## How to complete this task
The result should be a faithful copy of every entry below, with the pictures left out.

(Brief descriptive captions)
-- Opening Marker --

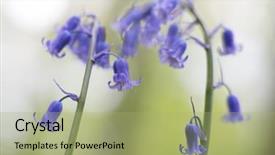  Presentation with forests - Colorful PPT layouts enhanced with wildflowers - blue bell wildflower with soft backdrop and a mint green colored foreground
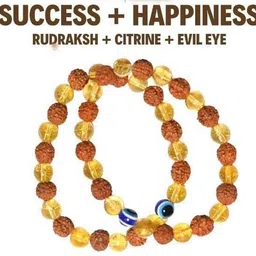 healinggems Crystal, Rudraksha, Citrine, Evil Eye Agate Bracelet image 4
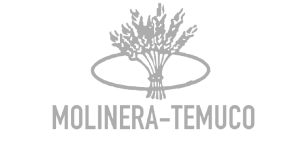 MolineraTemuco-GRIZ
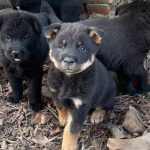 Pengadopsian Hewan Yang Di Luaran Atau Terlantar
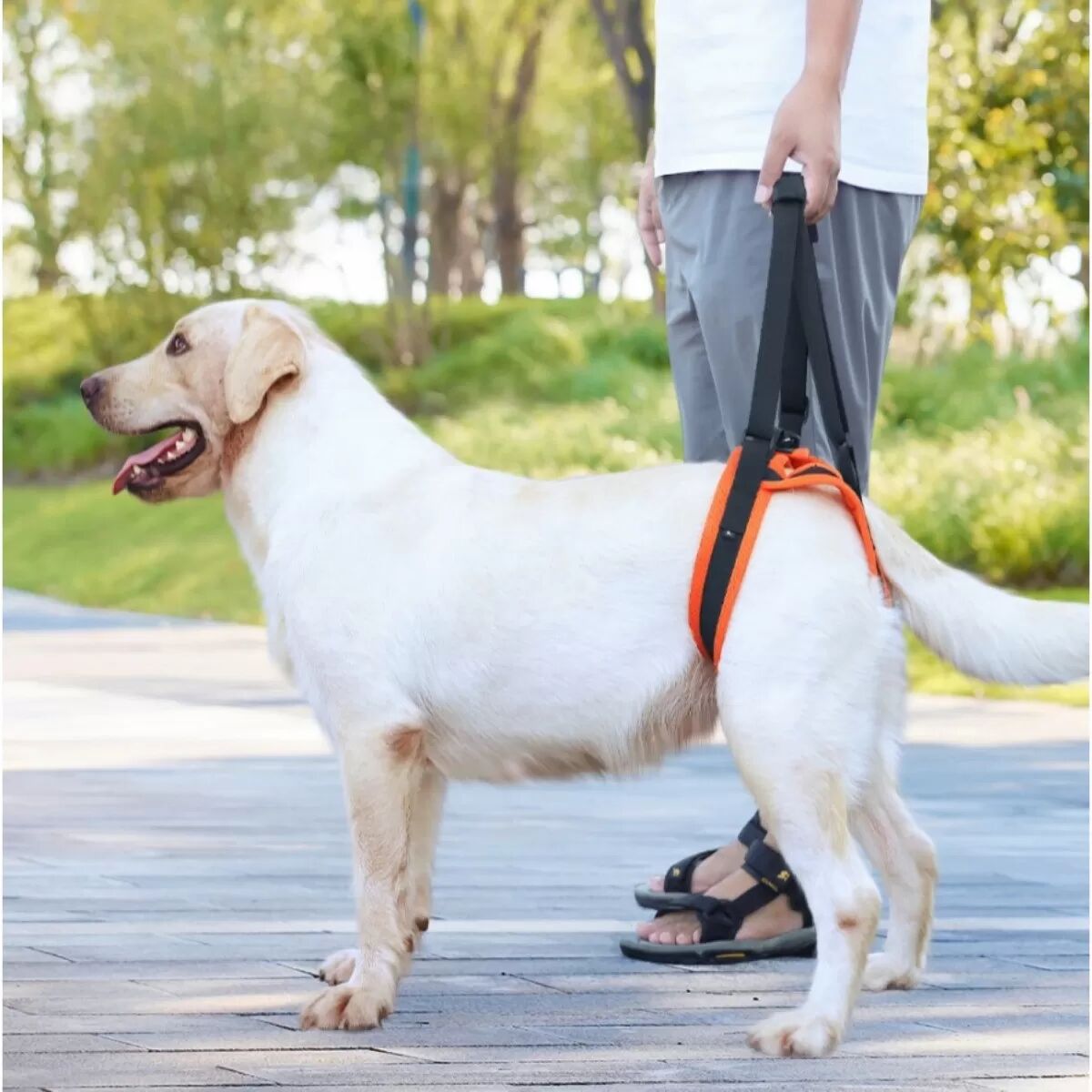 INF Verstellbarer Hunde-Hinterbein-Stützgurt für mobile Hundeunterstützung L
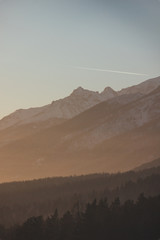 Naklejka premium mountains and forest at dawn
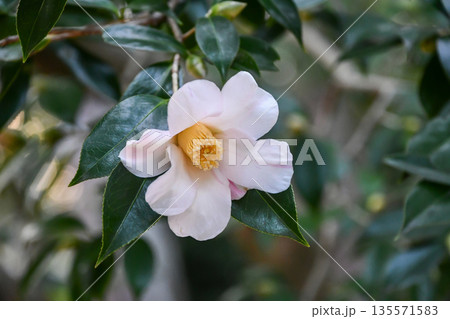 ツバキ「雪中花」 Camellia 'Setchūka' ツバキ「雪中花」 Camellia 'Setchūka' 135571583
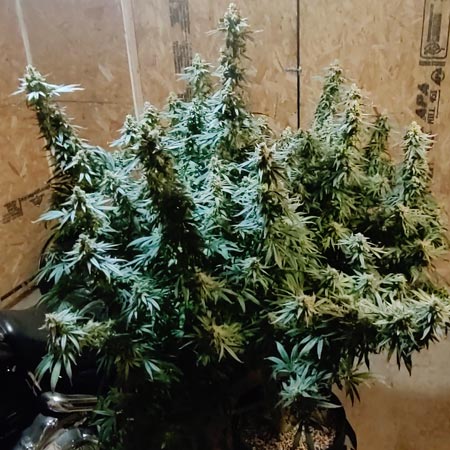 Huge harvest by Randy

-- Closing Marker --

## Result
  Presentation with forests - Colorful PPT layouts enhanced with wildflowers - blue bell wildflower with soft backdrop and a mint green colored foreground
 healinggems Crystal, Rudraksha, Citrine, Evil Eye Agate Bracelet image 4
 MolineraTemuco-GRIZ
 Pengadopsian Hewan Yang Di Luaran Atau Terlantar
 INF Verstellbarer Hunde-Hinterbein-Stützgurt für mobile Hundeunterstützung L
 Naklejka premium mountains and forest at dawn
 ツバキ「雪中花」 Camellia 'Setchūka' ツバキ「雪中花」 Camellia 'Setchūka' 135571583
 Huge harvest by Randy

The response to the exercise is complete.